Turns out I started this post back in January, and never got around to finishing it! Looks like, there’s no excuses now!
This soup has a few more ingredients than some of my other recipes, but they’re all pretty easy to come by. If your local grocery store doesn’t have some of the trickier ones (like the green curry paste) Amazon is a great place to source these ingredients!
Health benefits of this Green Curry Soup
- Ginger: anti-inflammatory, contains Gingerol, a substance with medicinal properties
- Garlic: packed with nutrients and an amazing immune booster
- Red Bell Pepper: did you know that a red bell pepper is actually one of the richest dietary sources of vitamin C?
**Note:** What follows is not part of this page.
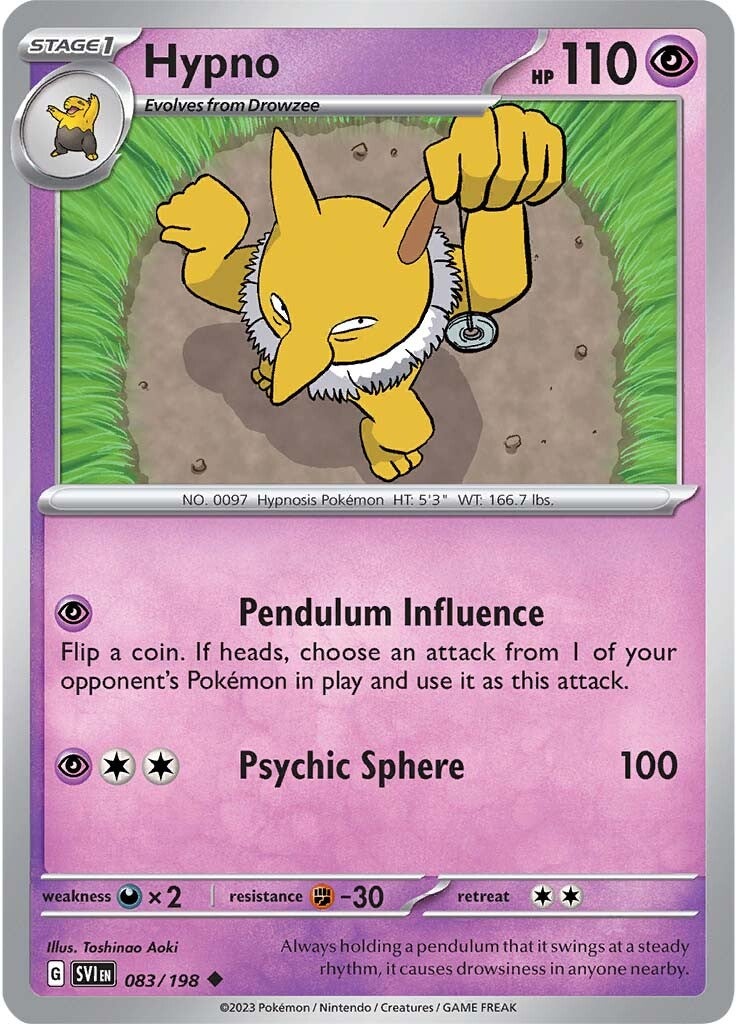 Hypno (083/198) [Scarlet & Violet: Base Set] | Infinity Cards & Collectibles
- 8 cups of organic vegetable broth
- 1 can of coconut milk
- 4-6 tbsp of green curry paste
- 1 inch of fresh ginger, peeled and minced
- 4 cloves of garlic, minced
- 1/2 tsp salt
- 1/4 tsp pepper
- 2 carrots, chopped
- 1 can of each- baby corn, water chestnuts and bamboo shoots
- 1 red bell pepper, sliced
- 1 pack of white mushrooms, sliced
- 1/2 tsp olive oil
- Heat the olive oil in a large pot. Add the garlic, ginger and carrots. Cook for 10 minutes until the carrots have softened
- Add in the mushrooms, salt and pepper, cover and cook 5 minutes
- Add in the broth, curry paste, coconut milk, baby corn, bamboo shoots and water chestnuts. Bring to a simmer and cook 15-20 minutes
- Add in the bell peppers once the soup and other ingredients have had a chance to cook through together. They don’t take long to cook, so once you add them in, cook for another 5 minutes or so only
- Serve and enjoy
Options- You can serve this soup as is, or add in a variety of proteins or healthy carbs. I recommend adding diced firm tofu for the last 10 minutes of cook time. You can also add shrimp or chicken but be aware of their different cook times.
Finally, feel free to add in rice noodles, korean glass noodles (sweet potato starch noodles) or even just some brown rice.